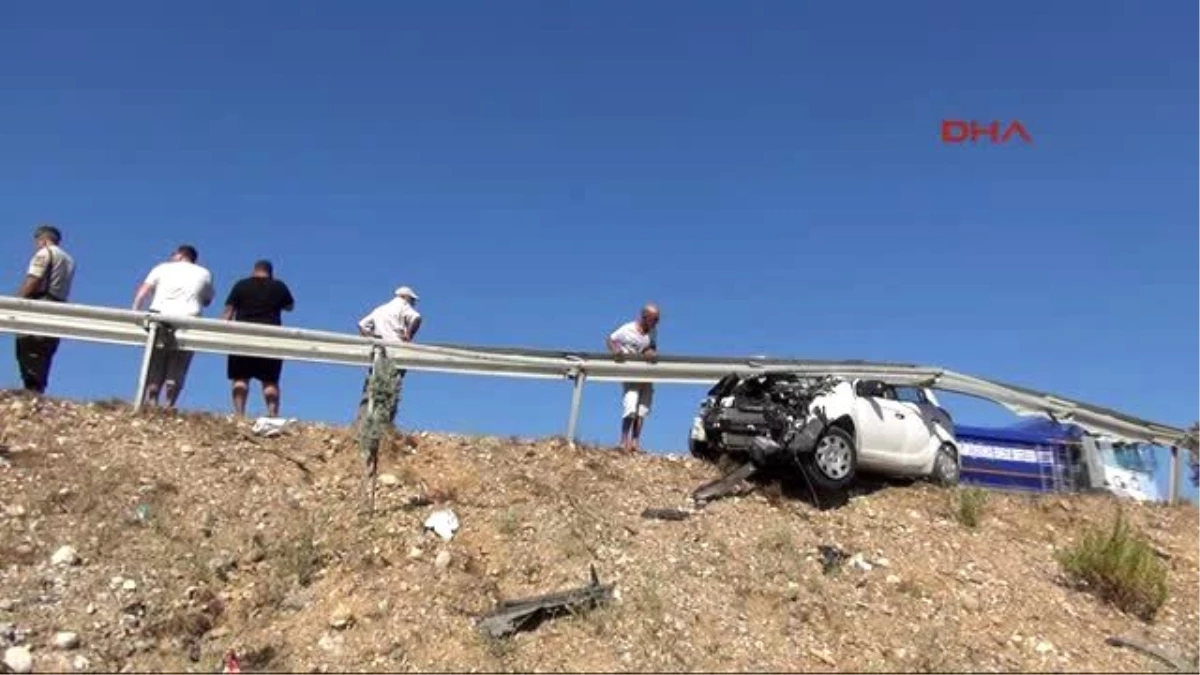 Manavgat - Bariyere Çarpan Otomobilde 2 Kişi Yaralandı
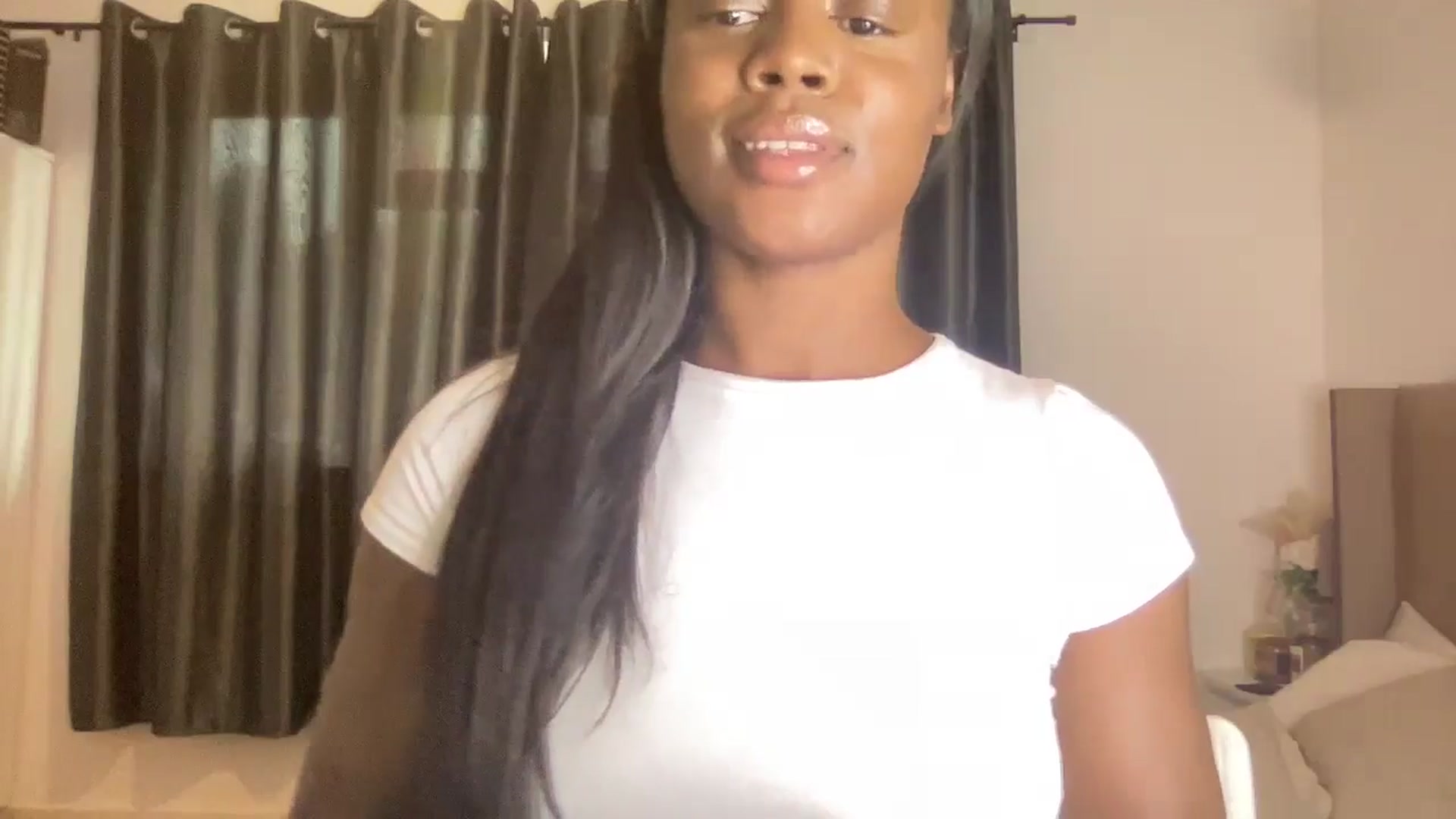 Gallery image thumbnail from SweetXEbony1's myfreecams stream on, 06/06/2024, 18:39 image 19 of 20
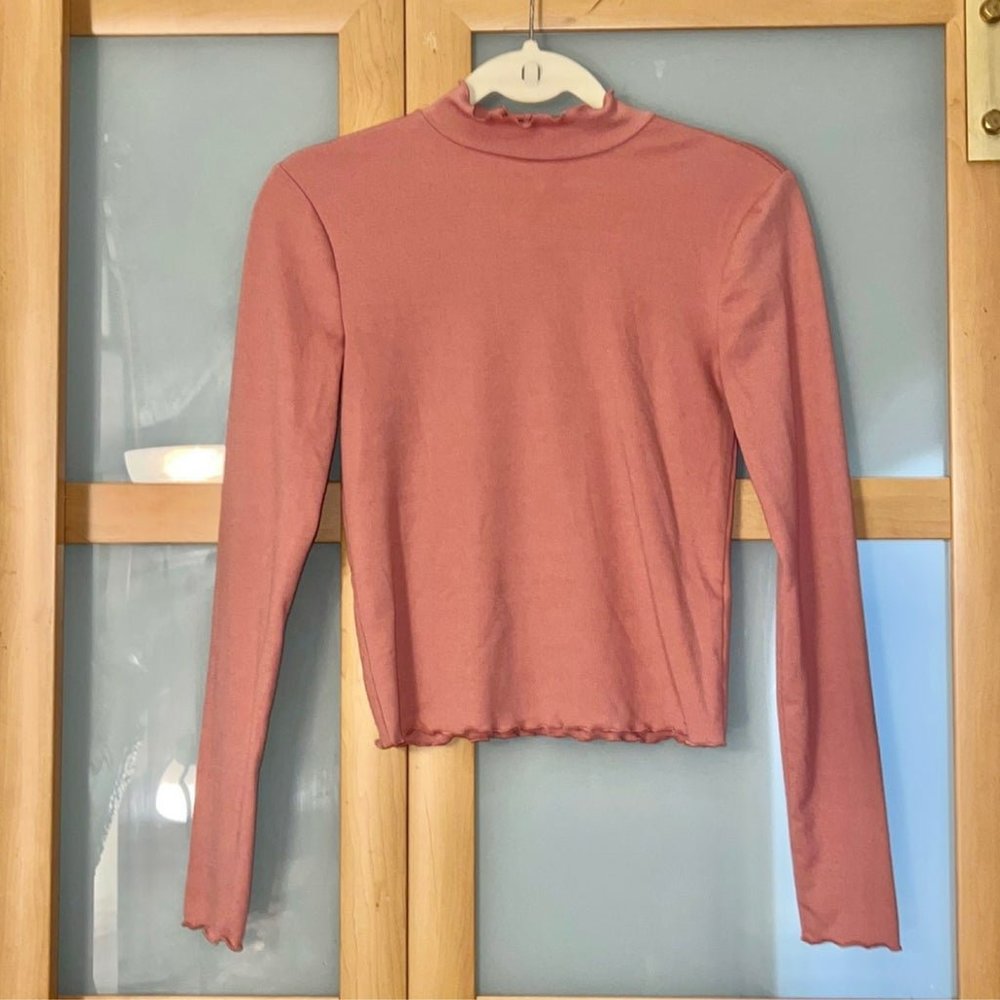 Forever 21 Pink Long sleeve Crop Top Size S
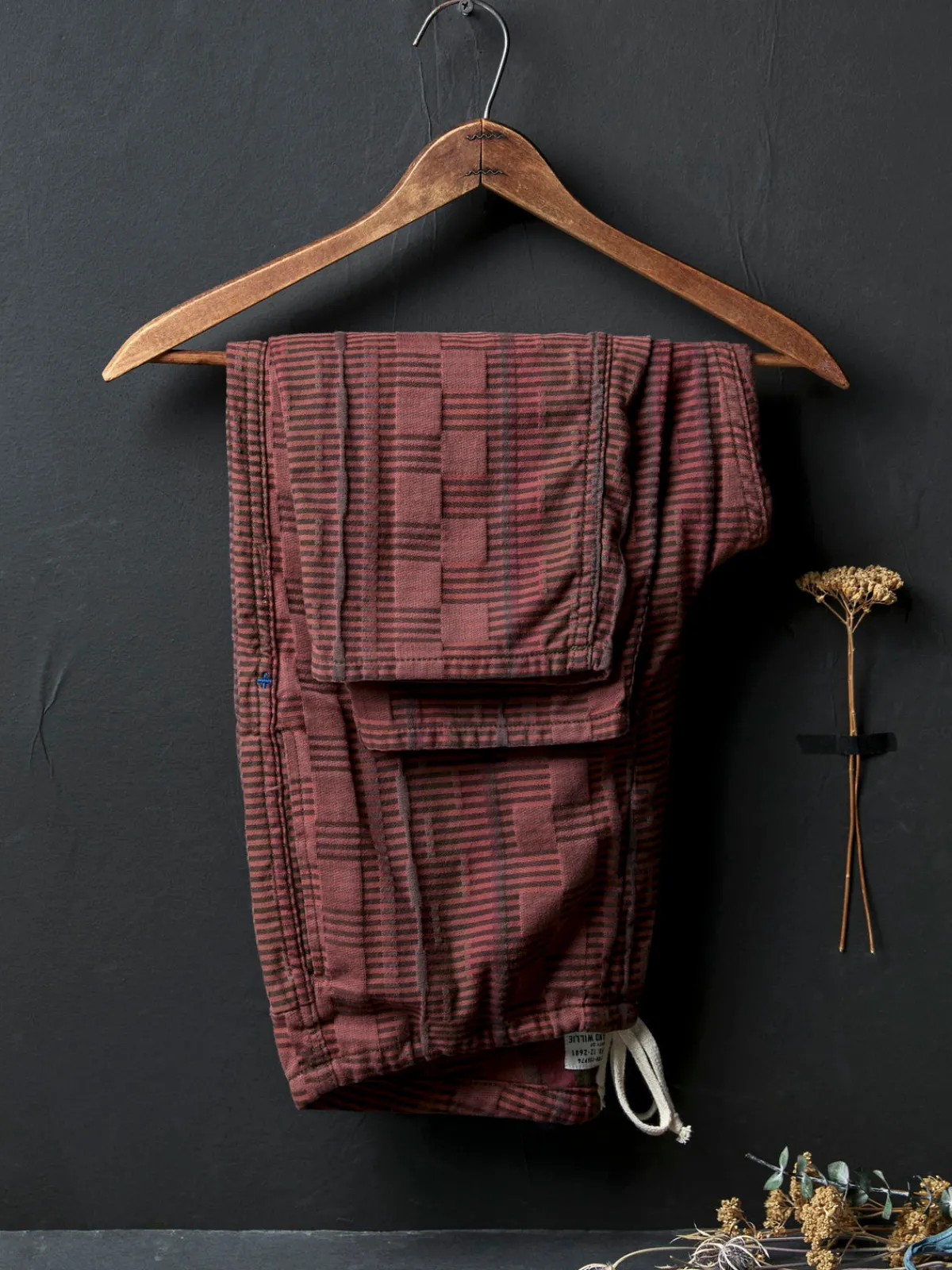 Women Imogene + Willie lounge pant in mojave jacquard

### EXERCISE:
Give back the material above exactly, without pictures.

### RESULT OF THIS TASK:
 Manavgat - Bariyere Çarpan Otomobilde 2 Kişi Yaralandı
 Gallery image thumbnail from SweetXEbony1's myfreecams stream on, 06/06/2024, 18:39 image 19 of 20
 Forever 21 Pink Long sleeve Crop Top Size S
 Women Imogene + Willie lounge pant in mojave jacquard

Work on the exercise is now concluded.